Finance Company Customer Journey Report

Finance Company Customer Journey Report

A finance company that sells insurance or the stock market services may have a customer journey map that looks like this one. Woopra also has analytics solutions for banking and finance companies, where Woopra will do the heavy lifting of compiling their data into reports, helping them find out:

  • The financial products that clients are most interested in
  • Frequency of clients logging in to their accounts to check their portfolio performance
  • The marketing campaigns that bring the most qualified leads

The following is a real-life example from the Finance Company Customer Journey Report above showing the “New Visitor Registration” touchpoint. This financial company, WallStreetZen, has a two-step process to register new visitors as a customer for their stock research tool. Once a customer has finished these steps, they would be moved to the next journey touchpoint, “Complete Profile.”

WallStreetZen Example

Content Company Customer Journey Report

Content Company Customer Journey Report

Whereas companies that rely on content creation to drive growth would look at Customer Journey Analytics for content and media to find out how readers are consuming content, what content they are reading, and overall help create loyal followers. Again Woopra looks at company data across various channels and compiles it into reports to find out:

  • How often users share and comment on the various content
  • The most popular authors
  • The topics visitors are most interested in

Another touchpoint example from the customer journey would be a “Welcome Email.” Suppose you are a company that produces targeted content to drive growth. In that case, having a welcome email after they sign-up for a newsletter or a dashboard helps to assure the customer they are a part of the community, like what this company does below, Loganix, who offers SEO packages. It also moves the customer to the next stage of the customer journey.

Loganix

However, before you start mapping out your unique customer journey, you have to understand the various stages of the marketing funnel that, ideally, the customer journey should mirror.
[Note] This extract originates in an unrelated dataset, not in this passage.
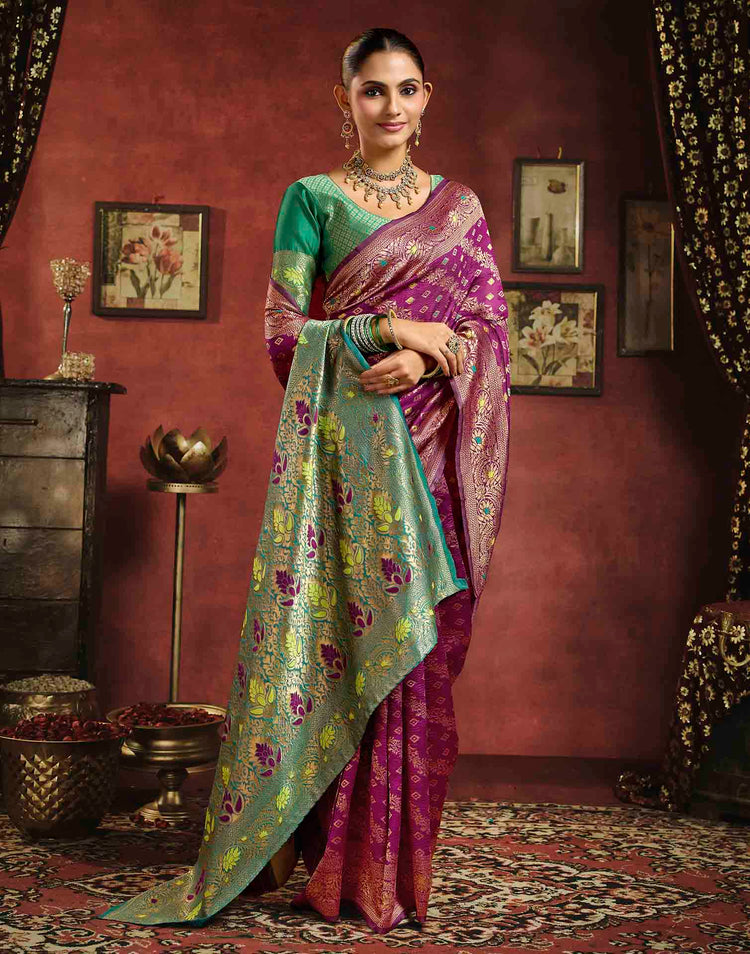 Wine Silk Woven Banarasi Saree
Customer Journey Marketing Tips

While your real-life marketing efforts and your customer journey map may not always perfectly align, they should work in conjunction to create a user-friendly path that ensures you are utilizing your marketing components at the appropriate stages and to the right leads.

Here are a few tips for utilizing the customer journey stages in your marketing:

Customize The Journey

While the customer journey marketing framework is a great starting point, you may not focus on each stage equally. For example, some companies are great at activation, but terrible at acquisition. If that is the case, customize your marketing efforts so that they focus on the stages that YOUR company's customer journey needs to improve.

Have Defined Goals

At each stage of the journey, you want to ensure you define your customers’ specific goals once they get there. By making goals, you'll have a much easier time creating content for each stage and content that will actually help encourage your customer to reach the specified destination.
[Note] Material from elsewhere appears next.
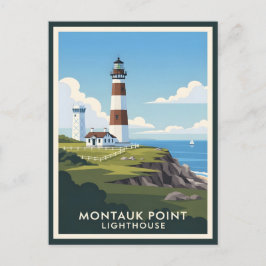 Montauk Point Fyren, kustklippa & segelbåt Vykort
Compare your Customer Journey Map To Your Actual Marketing Efforts

Once you've mapped out your customer journey and created a marketing experience unique to your business, compare them. If they don't match up, you'll need to make some adjustments to your funnel based on the customer journey.

Summary

The process of mapping your customer journey and aligning it with your marketing efforts can be challenging. Yet it’s highly worth the time and effort.
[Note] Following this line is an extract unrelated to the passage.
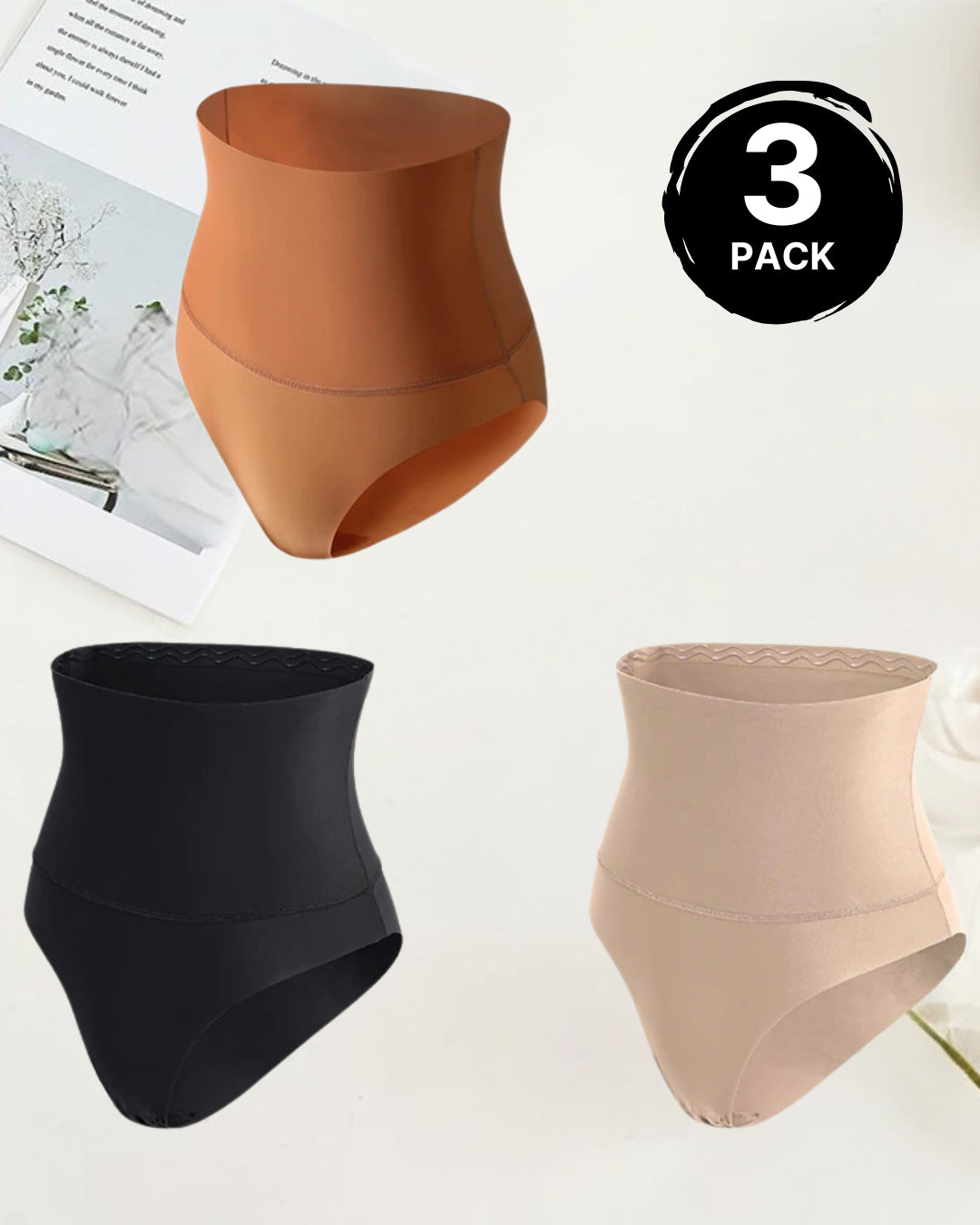 High Waisted Tummy Control Briefs Caramel Black Apricot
The key takeaway is that the customer journey culminates in all the brand touchpoints that lead users through the acquisition, activation and adoption stages.

Woopra helps ease the customer journey process by providing the customer analytics data that empowers your decision making. You can then focus on creating the best user and product experience for each stage and, in the end, make a customer journey that delights your customers and grows with your business.